Deutschland übernahm seine "unrühmliche Rolle" allerdings nicht erst 1915, sondern bereits in den Jahren 1895/96, als unter der Herrschaft Abdul Hamids Massaker stattfanden, denen etwa 300.000 Armenier zum Opfer fielen. Im April 1913 erinnerte der Sozialdemokrat Eduard Bernstein im Reichstag daran, wie die kaiserliche Regierung nach dem Berliner Kongress von 1878 immer mehr zu einem zuverlässigen Verbündeten des türkischen Herrschers wurde und dessen blutiger Politik gegenüber den Armeniern Rückendeckung gab:

"Die Türkei hat seit dem Berliner Vertrage von 1878 auf Grund des Art. 61 die Verpflichtung, in Armenien geordnete Zustände zu schaffen, die der Bevölkerung eine gewisse Selbstverwaltung lassen und sie gegen Gewalttaten der Kurden und Gewaltakte der Beamten sichern. Die armenische Bevölkerung erstrebt keine Loslösung von der Türkei, sie verlangt nicht einmal provinzielle Autonomie. Ihre Forderungen sind so bescheiden wie nur möglich, und trotzdem sind sie nicht verwirklicht worden. Wer die Schuld daran trägt, dass sie nicht verwirklicht worden sind, das sind die beiden Länder Russland und Deutschland.

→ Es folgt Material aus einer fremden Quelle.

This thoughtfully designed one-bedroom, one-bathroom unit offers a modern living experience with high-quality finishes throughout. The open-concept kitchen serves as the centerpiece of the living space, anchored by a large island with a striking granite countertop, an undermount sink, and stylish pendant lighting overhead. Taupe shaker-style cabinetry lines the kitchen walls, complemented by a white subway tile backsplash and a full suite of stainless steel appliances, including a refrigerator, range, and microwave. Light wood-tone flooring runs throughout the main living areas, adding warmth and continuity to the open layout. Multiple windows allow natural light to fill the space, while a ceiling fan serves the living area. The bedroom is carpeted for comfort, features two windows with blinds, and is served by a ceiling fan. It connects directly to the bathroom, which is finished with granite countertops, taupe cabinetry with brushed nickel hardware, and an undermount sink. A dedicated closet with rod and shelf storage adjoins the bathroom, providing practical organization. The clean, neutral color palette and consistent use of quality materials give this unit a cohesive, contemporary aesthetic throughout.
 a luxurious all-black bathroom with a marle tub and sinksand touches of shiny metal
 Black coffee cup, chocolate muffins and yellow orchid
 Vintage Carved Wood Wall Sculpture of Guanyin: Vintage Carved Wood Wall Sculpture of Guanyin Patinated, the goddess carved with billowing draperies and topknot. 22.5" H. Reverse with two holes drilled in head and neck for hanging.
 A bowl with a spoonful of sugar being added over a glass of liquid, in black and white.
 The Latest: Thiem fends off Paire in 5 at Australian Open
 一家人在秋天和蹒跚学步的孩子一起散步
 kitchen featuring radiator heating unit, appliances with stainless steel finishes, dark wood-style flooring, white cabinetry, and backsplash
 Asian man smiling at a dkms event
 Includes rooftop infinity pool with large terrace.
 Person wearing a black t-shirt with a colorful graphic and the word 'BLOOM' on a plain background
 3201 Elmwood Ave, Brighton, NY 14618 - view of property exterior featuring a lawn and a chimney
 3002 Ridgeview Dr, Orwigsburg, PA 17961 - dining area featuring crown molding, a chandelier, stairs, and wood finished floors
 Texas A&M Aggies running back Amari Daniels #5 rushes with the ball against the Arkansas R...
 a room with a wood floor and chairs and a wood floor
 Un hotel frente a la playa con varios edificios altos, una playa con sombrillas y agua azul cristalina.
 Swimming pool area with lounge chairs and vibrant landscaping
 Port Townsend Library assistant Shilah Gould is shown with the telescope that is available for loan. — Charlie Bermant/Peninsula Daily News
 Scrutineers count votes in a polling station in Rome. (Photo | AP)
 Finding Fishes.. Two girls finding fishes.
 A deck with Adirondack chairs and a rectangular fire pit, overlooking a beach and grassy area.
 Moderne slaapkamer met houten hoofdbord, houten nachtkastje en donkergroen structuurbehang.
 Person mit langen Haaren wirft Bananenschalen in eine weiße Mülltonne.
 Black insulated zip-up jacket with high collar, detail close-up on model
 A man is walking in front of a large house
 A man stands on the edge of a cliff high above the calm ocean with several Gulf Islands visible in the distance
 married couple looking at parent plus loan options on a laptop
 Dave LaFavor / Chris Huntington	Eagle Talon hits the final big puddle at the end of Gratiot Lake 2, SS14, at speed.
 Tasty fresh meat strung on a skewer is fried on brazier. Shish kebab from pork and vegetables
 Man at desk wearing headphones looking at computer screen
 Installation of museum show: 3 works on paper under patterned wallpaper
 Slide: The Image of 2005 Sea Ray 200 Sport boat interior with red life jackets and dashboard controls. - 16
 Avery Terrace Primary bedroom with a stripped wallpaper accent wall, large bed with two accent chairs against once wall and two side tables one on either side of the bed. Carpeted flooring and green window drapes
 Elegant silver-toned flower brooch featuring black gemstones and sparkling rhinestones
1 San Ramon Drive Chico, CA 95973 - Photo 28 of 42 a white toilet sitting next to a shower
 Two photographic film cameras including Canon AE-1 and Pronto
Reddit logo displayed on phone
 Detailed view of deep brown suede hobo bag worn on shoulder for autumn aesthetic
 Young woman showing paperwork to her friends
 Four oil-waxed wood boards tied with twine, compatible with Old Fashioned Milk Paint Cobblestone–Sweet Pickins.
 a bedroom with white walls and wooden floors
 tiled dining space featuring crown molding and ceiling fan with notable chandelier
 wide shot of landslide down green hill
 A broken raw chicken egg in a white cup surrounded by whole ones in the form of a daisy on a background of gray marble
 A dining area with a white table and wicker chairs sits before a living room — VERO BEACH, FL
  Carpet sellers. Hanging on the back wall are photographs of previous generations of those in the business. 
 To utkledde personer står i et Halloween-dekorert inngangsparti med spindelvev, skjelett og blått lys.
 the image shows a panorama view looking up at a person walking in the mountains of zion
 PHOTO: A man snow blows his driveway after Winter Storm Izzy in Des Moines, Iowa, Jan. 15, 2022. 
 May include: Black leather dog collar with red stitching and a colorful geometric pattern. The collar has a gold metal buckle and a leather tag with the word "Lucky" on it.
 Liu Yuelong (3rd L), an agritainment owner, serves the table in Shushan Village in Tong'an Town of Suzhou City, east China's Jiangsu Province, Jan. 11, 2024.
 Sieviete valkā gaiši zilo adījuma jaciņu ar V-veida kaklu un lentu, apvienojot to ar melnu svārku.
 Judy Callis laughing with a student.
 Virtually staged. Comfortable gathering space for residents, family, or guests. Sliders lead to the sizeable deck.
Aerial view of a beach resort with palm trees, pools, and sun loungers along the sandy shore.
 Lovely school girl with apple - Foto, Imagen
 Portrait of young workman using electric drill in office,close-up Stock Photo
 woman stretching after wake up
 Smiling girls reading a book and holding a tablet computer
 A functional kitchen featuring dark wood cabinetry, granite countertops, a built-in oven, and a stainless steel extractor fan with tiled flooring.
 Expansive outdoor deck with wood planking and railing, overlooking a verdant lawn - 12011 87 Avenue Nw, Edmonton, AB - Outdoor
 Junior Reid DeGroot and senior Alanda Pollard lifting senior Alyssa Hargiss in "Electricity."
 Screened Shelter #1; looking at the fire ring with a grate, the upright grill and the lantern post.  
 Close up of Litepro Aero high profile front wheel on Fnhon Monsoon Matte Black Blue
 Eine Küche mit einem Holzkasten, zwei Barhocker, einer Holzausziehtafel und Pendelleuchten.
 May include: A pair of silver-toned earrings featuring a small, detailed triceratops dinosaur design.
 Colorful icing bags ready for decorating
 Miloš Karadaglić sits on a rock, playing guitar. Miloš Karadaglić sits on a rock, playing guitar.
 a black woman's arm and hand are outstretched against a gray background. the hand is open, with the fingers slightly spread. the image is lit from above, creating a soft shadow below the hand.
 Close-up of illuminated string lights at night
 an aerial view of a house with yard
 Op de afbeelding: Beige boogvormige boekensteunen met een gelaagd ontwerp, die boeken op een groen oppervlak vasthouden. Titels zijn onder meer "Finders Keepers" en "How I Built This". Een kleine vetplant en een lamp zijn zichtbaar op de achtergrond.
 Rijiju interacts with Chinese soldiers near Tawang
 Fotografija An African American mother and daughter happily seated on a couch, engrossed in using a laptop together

Als in den 90er Jahren eine unerhörte Metzelei in Armenien stattgefunden hatte, als Metzeleien von Armeniern in Konstantinopel erfolgt waren, traten die Botschafter zusammen, und die Kabinette der Regierungen von Frankreich, England, den Vereinigten Staaten, von Österreich, von Italien hatten sich dahin geeinigt, die Türkei anzuhalten, endlich einmal die Bestimmungen des Berliner Vertrages, die sie übernommen hat, sinngetreu durchzuführen. Und wer hat damals den Widerstand Abdul Hamids unterstützt? Das war vor allem Dingen das Deutsche Reich. Das Deutsche Reich hat damals, um sich die Freundschaft der Türkei warmzuhalten, die Schuld an den weiteren Metzeleien auf sich geladen. Dieses Volk, das erste Volk - sie nennen sich doch auch Christen - , das das Christentum dort eingeführt und mit unsäglichen Opfern ganze Jahrhunderte hindurch aufrecht erhalten hat, hat man geopfert der Türkei zuliebe."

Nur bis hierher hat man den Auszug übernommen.